_WORK TO BE COMPLETED_
Without the images, print all the entries below exactly as given.

::: DATA PROVIDED :::

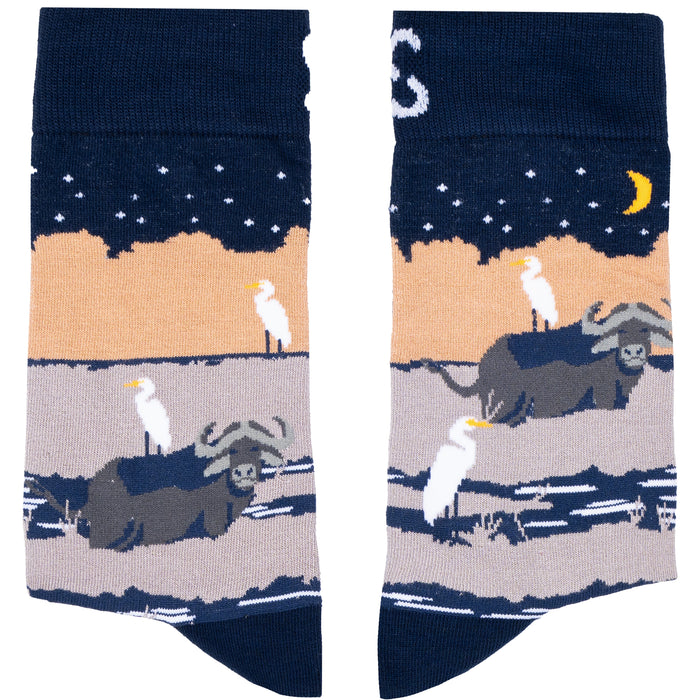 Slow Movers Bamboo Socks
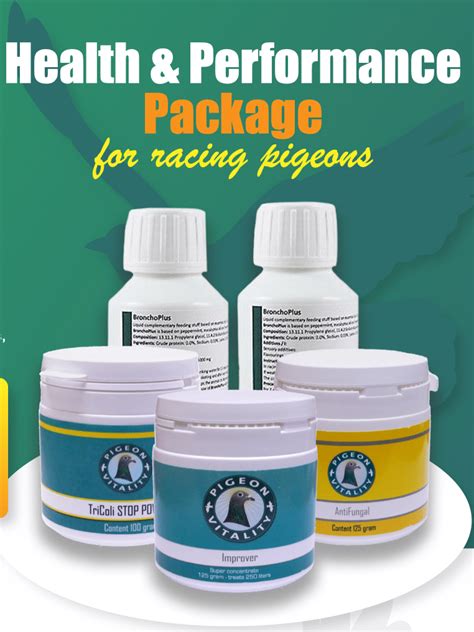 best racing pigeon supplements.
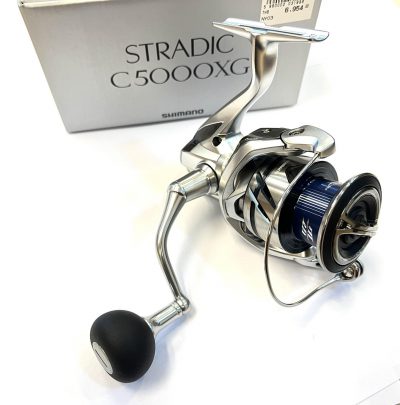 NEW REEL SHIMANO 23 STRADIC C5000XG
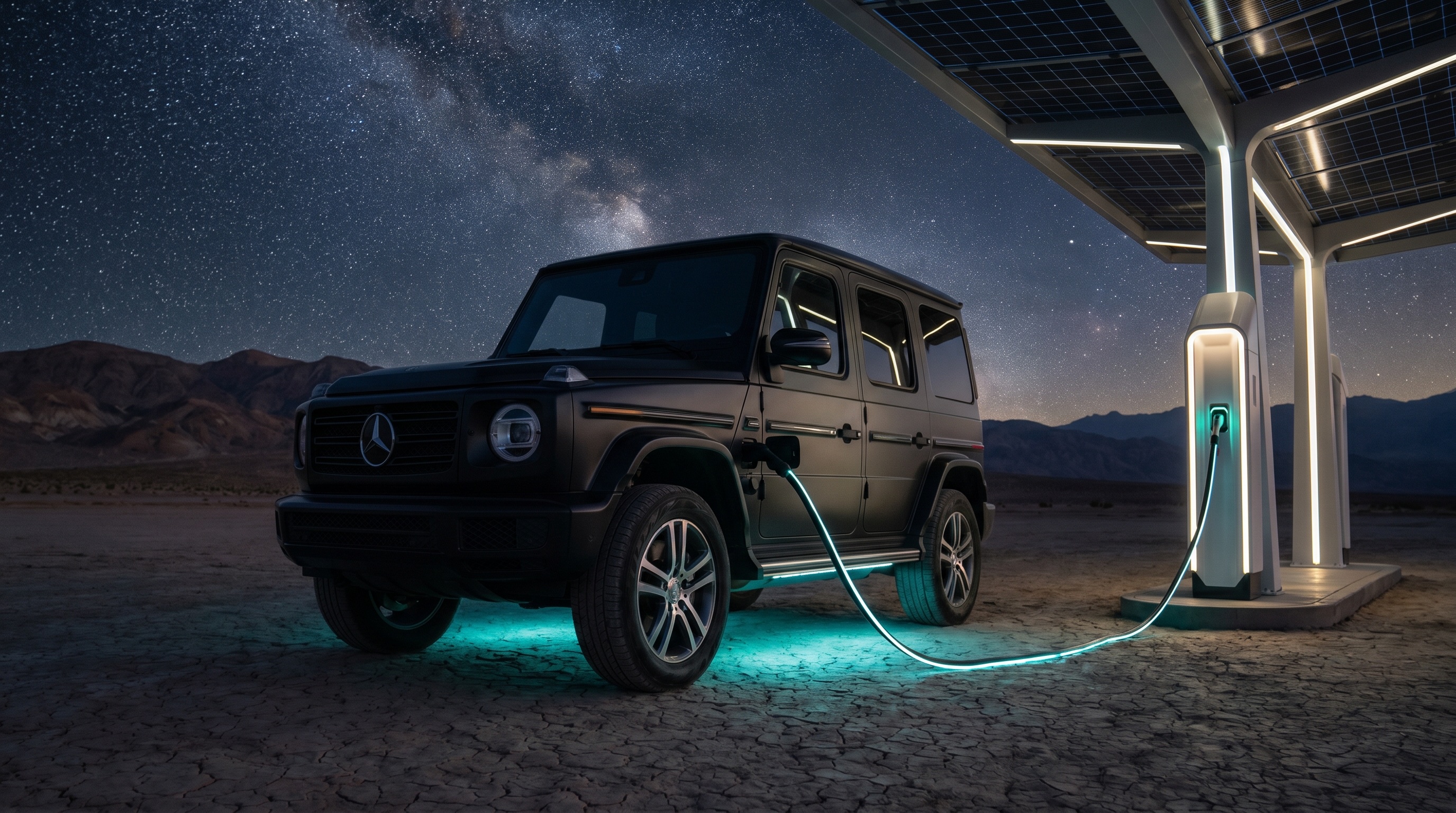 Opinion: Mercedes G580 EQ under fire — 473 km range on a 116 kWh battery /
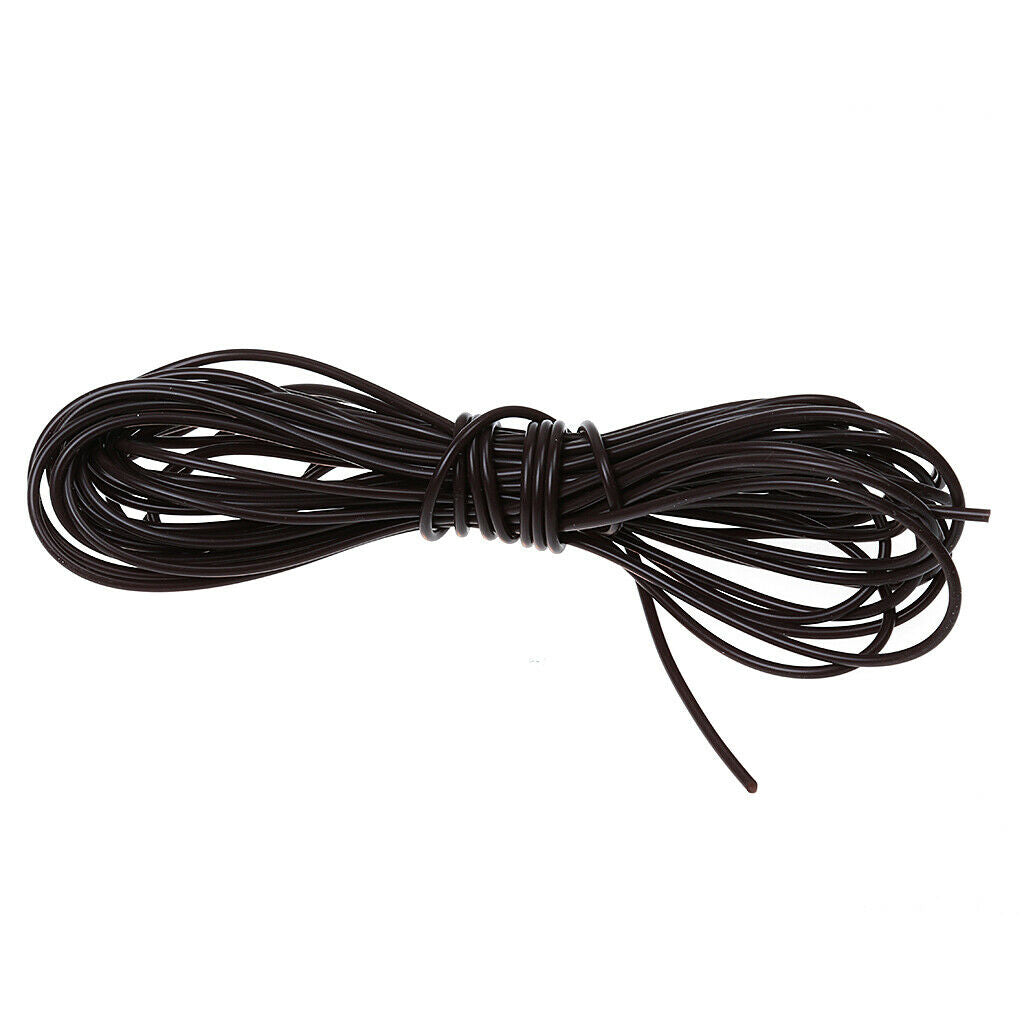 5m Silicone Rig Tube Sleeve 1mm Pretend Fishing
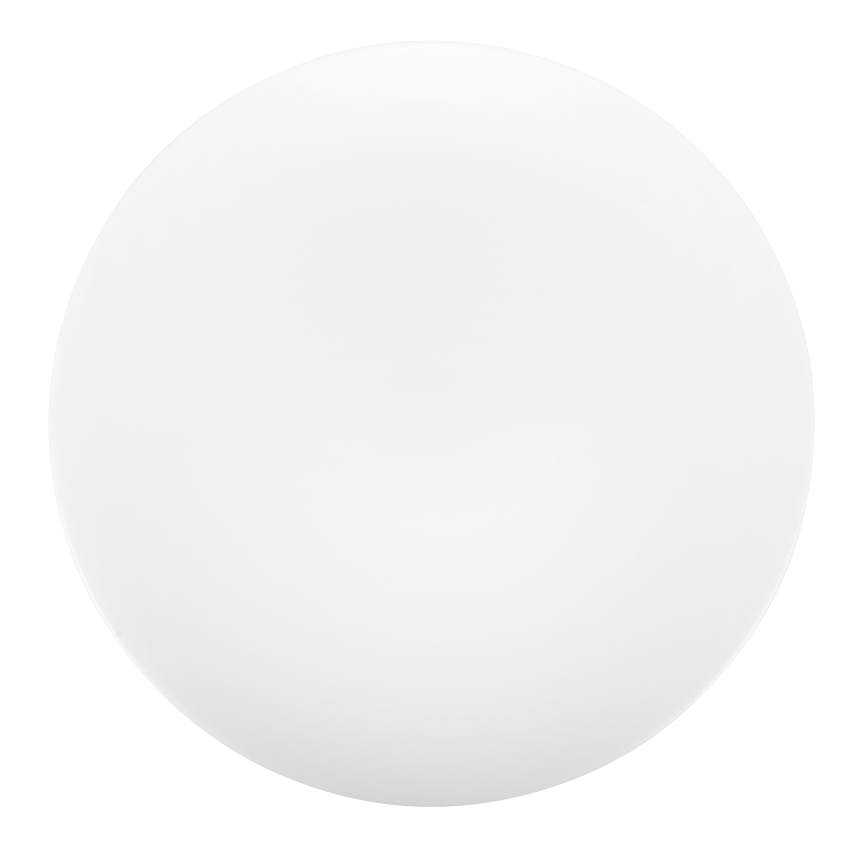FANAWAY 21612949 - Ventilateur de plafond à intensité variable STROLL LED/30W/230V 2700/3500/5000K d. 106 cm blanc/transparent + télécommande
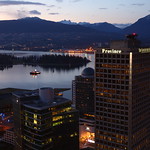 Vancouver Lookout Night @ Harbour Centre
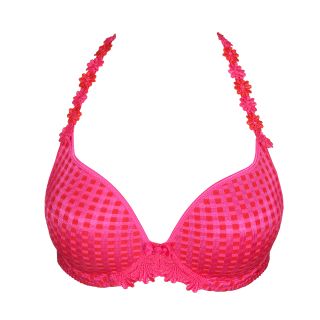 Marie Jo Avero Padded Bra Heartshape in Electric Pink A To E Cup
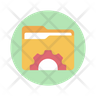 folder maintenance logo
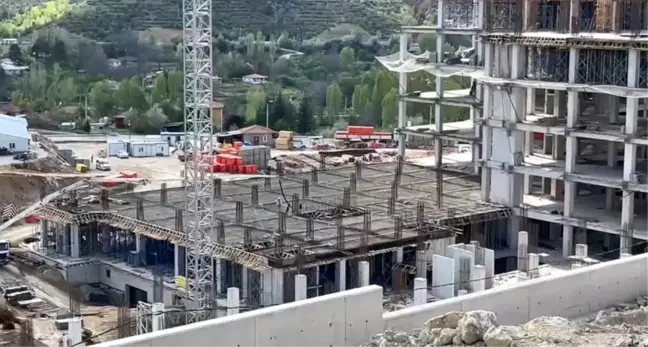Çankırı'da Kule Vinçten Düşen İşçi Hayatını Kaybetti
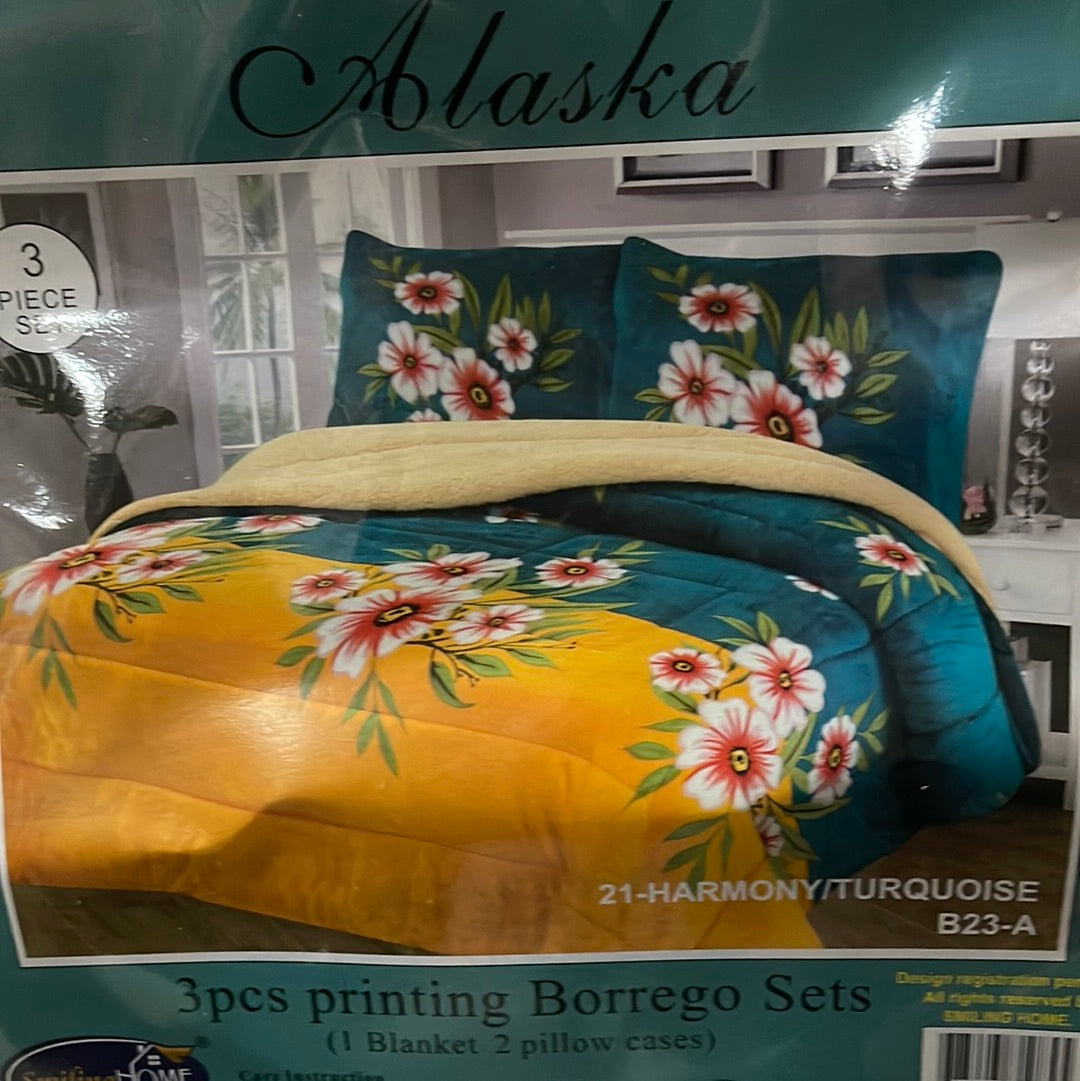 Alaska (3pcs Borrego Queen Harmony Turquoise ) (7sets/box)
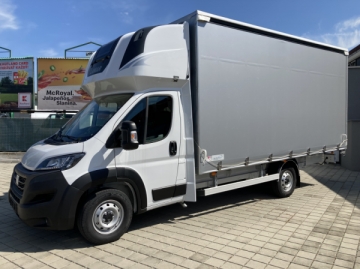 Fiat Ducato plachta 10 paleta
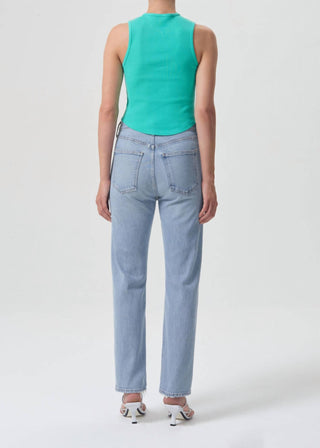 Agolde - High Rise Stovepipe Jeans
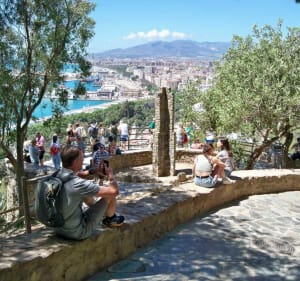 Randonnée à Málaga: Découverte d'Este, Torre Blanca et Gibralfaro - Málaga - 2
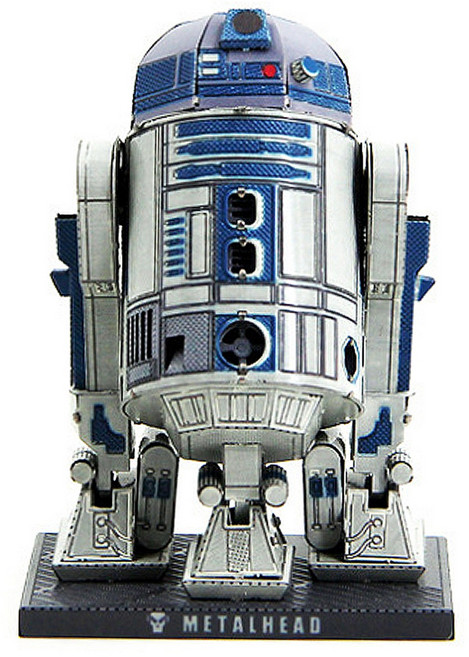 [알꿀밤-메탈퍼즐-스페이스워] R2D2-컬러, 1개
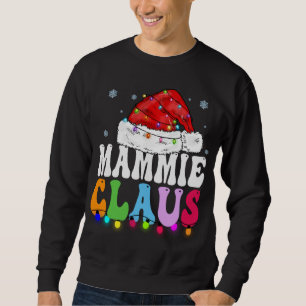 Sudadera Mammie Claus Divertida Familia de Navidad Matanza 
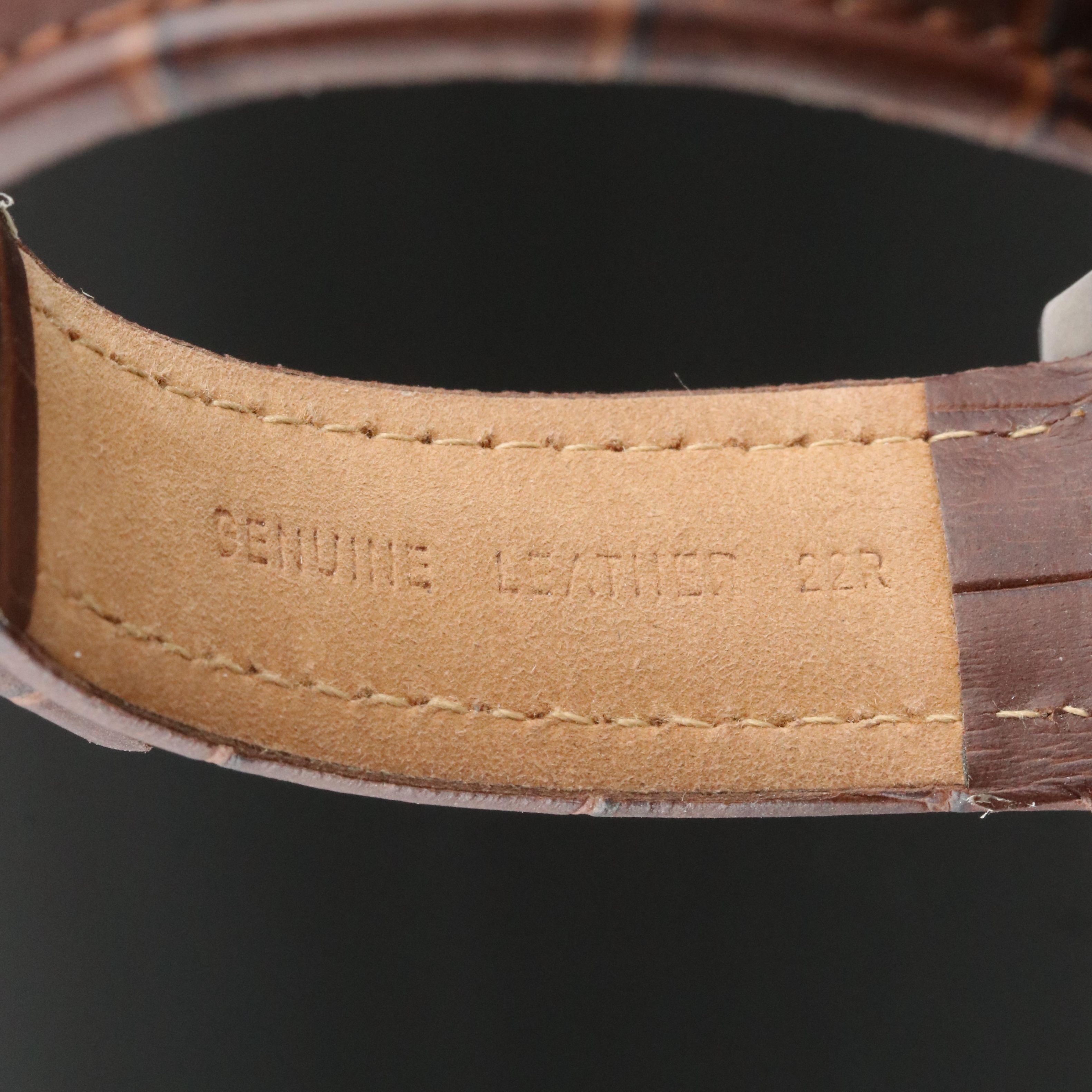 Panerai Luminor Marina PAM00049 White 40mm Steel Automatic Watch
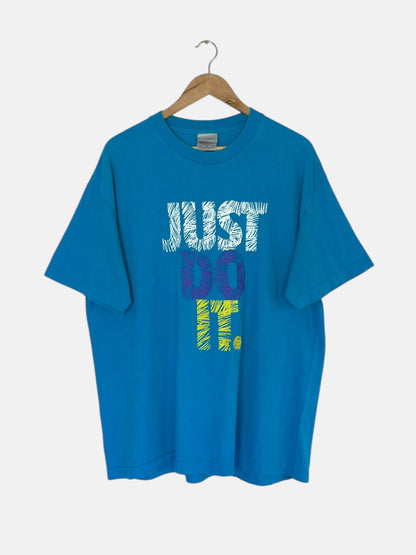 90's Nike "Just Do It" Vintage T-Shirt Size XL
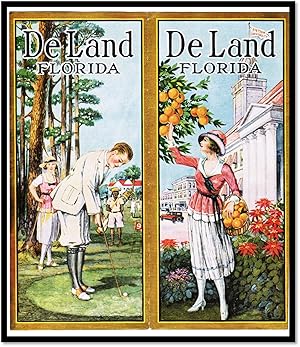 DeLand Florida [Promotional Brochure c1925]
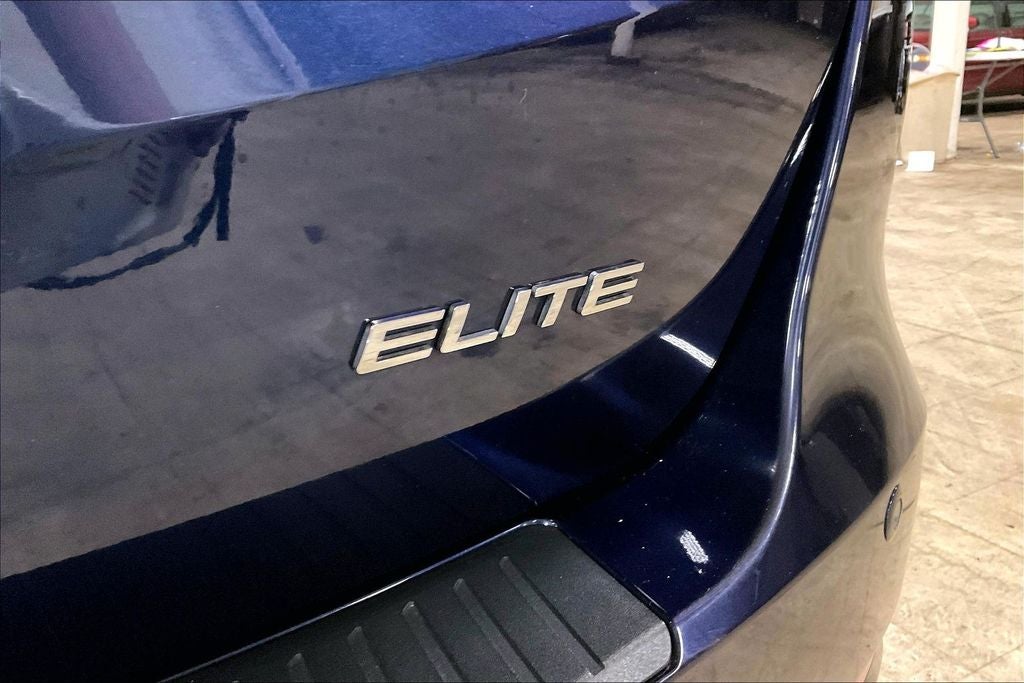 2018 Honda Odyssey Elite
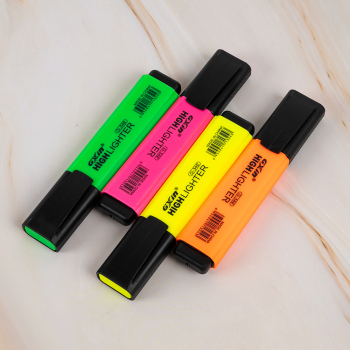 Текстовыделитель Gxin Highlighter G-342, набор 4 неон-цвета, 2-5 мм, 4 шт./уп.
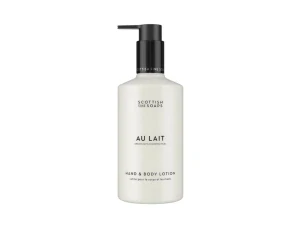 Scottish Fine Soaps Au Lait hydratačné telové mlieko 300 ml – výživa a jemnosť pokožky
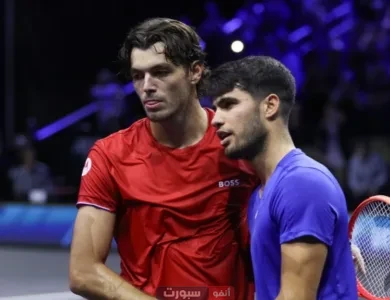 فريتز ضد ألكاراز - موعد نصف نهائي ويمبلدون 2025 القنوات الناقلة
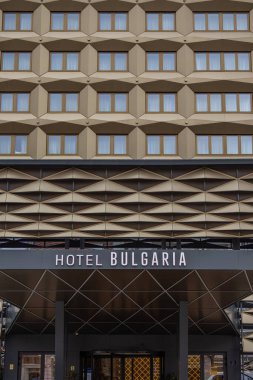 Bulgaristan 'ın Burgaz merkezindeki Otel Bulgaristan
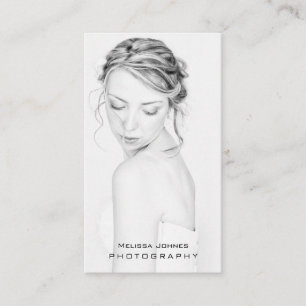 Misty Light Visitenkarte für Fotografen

:::

_REPLY TO THE TASK_
 Slow Movers Bamboo Socks
 best racing pigeon supplements.
 NEW REEL SHIMANO 23 STRADIC C5000XG
 Opinion: Mercedes G580 EQ under fire — 473 km range on a 116 kWh battery /
 5m Silicone Rig Tube Sleeve 1mm Pretend Fishing
FANAWAY 21612949 - Ventilateur de plafond à intensité variable STROLL LED/30W/230V 2700/3500/5000K d. 106 cm blanc/transparent + télécommande
 Vancouver Lookout Night @ Harbour Centre
 Marie Jo Avero Padded Bra Heartshape in Electric Pink A To E Cup
 folder maintenance logo
Çankırı'da Kule Vinçten Düşen İşçi Hayatını Kaybetti
 Alaska (3pcs Borrego Queen Harmony Turquoise ) (7sets/box)
 Fiat Ducato plachta 10 paleta
 Agolde - High Rise Stovepipe Jeans
 Randonnée à Málaga: Découverte d'Este, Torre Blanca et Gibralfaro - Málaga - 2
 [알꿀밤-메탈퍼즐-스페이스워] R2D2-컬러, 1개
 Sudadera Mammie Claus Divertida Familia de Navidad Matanza 
 Panerai Luminor Marina PAM00049 White 40mm Steel Automatic Watch
 90's Nike "Just Do It" Vintage T-Shirt Size XL
 DeLand Florida [Promotional Brochure c1925]
 2018 Honda Odyssey Elite
 Текстовыделитель Gxin Highlighter G-342, набор 4 неон-цвета, 2-5 мм, 4 шт./уп.
 Scottish Fine Soaps Au Lait hydratačné telové mlieko 300 ml – výživa a jemnosť pokožky
 فريتز ضد ألكاراز - موعد نصف نهائي ويمبلدون 2025 القنوات الناقلة
 Bulgaristan 'ın Burgaz merkezindeki Otel Bulgaristan
 Misty Light Visitenkarte für Fotografen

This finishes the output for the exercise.